Donnerstag, November 30, 2006

DANDY*O*RAMA - Valentin (Musset)

Ungefähr um das Jahr 1825 herum lebte in Paris ein junger Mann, den wir Valentin nennen wollen. Er war ein recht sonderbarer Bursche. Er vereinigte in sich sozusagen zwei verschiedene Personen. Das eine Mal hätten Sie ihn vielleicht für einen Stutzer aus der Zeit der Regentschaft gehalten. Leichter Ton, schiefer Hut und das Gesicht eines fröhlichen Verlorenen Sohnes. Am andern Tag wiederum hätten Sie ihn womöglich als bescheidenes Studentlein aus der Provinz herumspazieren sehen, mit einem Buch unter dem Arm. Heute rollte er in Karossen und warf das Geld aus dem Fenster; morgen aß er für vierzig Sous. Dabei suchte er in allem eine Art Vollendung und verabscheute jede Unvollkommenheit. Wollte er Vergnügen, so mußte alles vergnüglich sein; er war nicht der Mann, Freude durch einen Augenblick des Mißbehagens zu erkaufen.
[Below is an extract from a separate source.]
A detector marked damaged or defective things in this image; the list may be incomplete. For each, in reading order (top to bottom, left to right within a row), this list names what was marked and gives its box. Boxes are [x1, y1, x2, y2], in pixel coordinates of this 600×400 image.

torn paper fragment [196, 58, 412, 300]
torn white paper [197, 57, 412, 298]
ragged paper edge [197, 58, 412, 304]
Hatte er eine Loge im Theater, so mußte der Wagen, der ihn hintrug, schön gepolstert, das Diner vorher gut sein, und kein häßlicher Gedanke durfte ihm kommen, wenn er wegging.
Seine befremdliche Art hatte zwei Ursachen: er hatte wenig Geld und eine leidenschaftliche Vergnügungssucht.
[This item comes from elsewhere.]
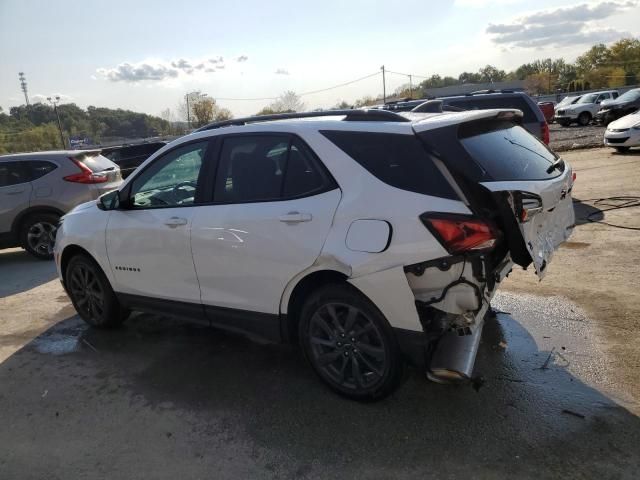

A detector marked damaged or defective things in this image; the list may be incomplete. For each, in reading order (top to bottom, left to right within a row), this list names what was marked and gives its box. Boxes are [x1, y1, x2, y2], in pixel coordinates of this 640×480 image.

detached taillight [63, 158, 108, 184]
detached taillight [420, 212, 500, 253]
rear-end collision damage [356, 110, 576, 384]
Valentin hatte Jura studiert und war ein Advokat ohne Praxis. Mit dem Geld, das er von seinem Vater hatte, und mit dem, was er von Zeit zu Zeit verdiente, hätte er ganz erträglich leben können; doch er gab lieber heute alles auf einmal aus und entbehrte das Notwendigste.

Seine fröhliche Art, die sich nicht um das Morgen sorgte, ließ ihm gar nicht den Gedanken kommen, daß er arm sei; ja, er schien es nicht einmal zu ahnen. Er sagte, er studiere Jura, und verbummelte seine Zeit in den Tuilerien oder auf dem Boulevard. Hier fühlte er sich zu Hause.

Er trat in ein Bankhaus ein. Das Leben eines Kommis gefiel ihm gar nicht und die tägliche Arbeit noch weniger. Kleinlaut ging er ins Büro und langweilte sich. An einem schönen Tag konnte man ihn in einem bequemen Mietswagen sehen, der ihn zum Rocher de Cancale führte. dort legte er sich in die Kissen zurück, atmete die gute Luft oder rauchte seine Zigarre und ließ sich sanft dahinwiegen, ohne auch nur im Geringsten ans Morgen zu denken. So verflogen die Einkünfte eines Monats in einem einzigen Tag. Man traf ihn bald in Paris, bald auf dem Land, überall erregte er Aufsehen und war doch fast immer allein; ein Beweis also, daß es bei ihm nicht Eitelkeit war. Und im übrigen vollführte er seine Extravaganzen mit der selbstverständlichen Gestes eines Grandseigneurs, der sich einen Spaß macht. Mit Nichtstun und Ungebundenheit kamen wieder Versuchungen aller Art. Wenn man jung ist, wenig Geld und viele Wünsche hat, dann ist das Risiko, Dummheiten zu machen, recht groß. Valentin beging sie reichlich.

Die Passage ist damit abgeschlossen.